The padding characters are required.  If they're missing, you have no
idea if the encoder just left them out, or if the data was truncated
or corrupted.

I understand the desire to check that the data is encoded exactly the
way the spec says it should be encoded, and to consider it an error
otherwise.  This is the "strict" approach.  But that's not what you're
doing.  You're deciding that you care about some kinds of errors but
not all kinds of errors.  That's a judgment call that, as far as I can
tell, is not based on real experience with encoded data.

> To address your strong request fore more "lenient" MIME decoder, we have updated
> the
> spec and implementation to be a reasonable liberal for the incorrect padding at
> the end
> of the mime base64 data as showed below
>      xxxx =       unnecessary padding character at the end of encoded stream
>      xxxx xx=     missing the last padding character
>      xxxx xx=y    missing the last padding character, instead having a
> non-padding char
> With the assumption that it still follows the "spirit" of the purpose of padding
> character (as suggested by the RFC), to indicate the end of the data stream, no
> more
> decoding is needed beyond the padding character.

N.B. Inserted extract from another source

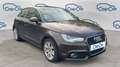 Audi A1 1.6 TDI 90 Ambition - thumbnail 33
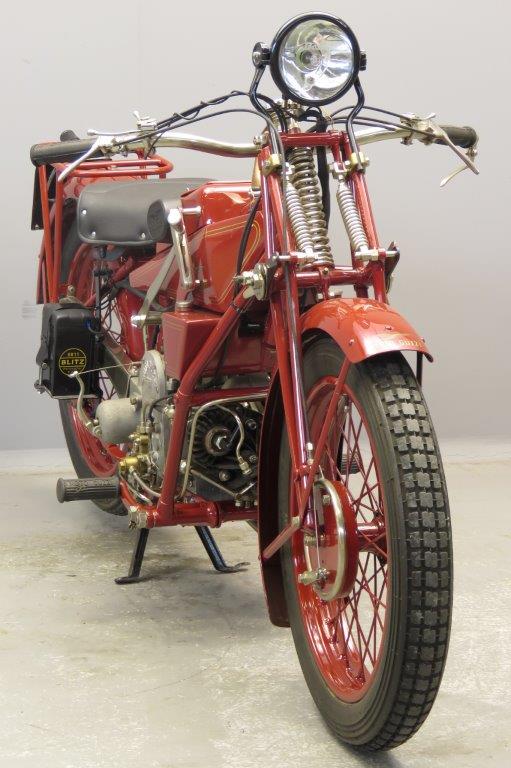 Moto-Guzzi-1929-2808-4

Yes, it makes the MIME decoder
> somewhat
> "inconsistent" with our original design and the rest of other type of decoders,
> but we
> thought it might provide the "convenience" requested.
> But a single tangling byte at the end of the encoded data stream is obvious an
> encoding
> error or transportation error. As I said, I don't think the decoder should try
> to rescue with
> guess. The proposed change is to try to provide a simple mechanism that the
> application
> can do some lifecircle/error management to recovery from the malformed data
> stream, if
> desired. This is actually is NOT what j.u.Base64 is desired for. The primary
> goal is to provide
> a set of easy/simple utility methods for base64 encoding/decoding, not such
> complicated
> error recovery management, as the java.nio.charset.De/Encoder provides.

There's really no error recovery possible, and certainly no program is
going to attempt error recovery.  As I said, there's only two reasonable
things to do:  1) throw up your hands, claim the data is corrupt, and tell
the user there's nothing you can do, or 2) do your best job to give the user
as much data as possible, and let the user decide if the data is in fact corrupt.
I'd be happy for you to provide options to do both.  Doing something that's
half way between the two just isn't useful.

> The JavaDoc definitely can be improved to provide a detailed use case, sample,
> if it
> helps. But if it's definitely a no-go, maybe we can leave this for jdk9 for
> bigger surgery.

Without support for error-free decoding, there's little motivation for me
to ever convert JavaMail to use this new capability.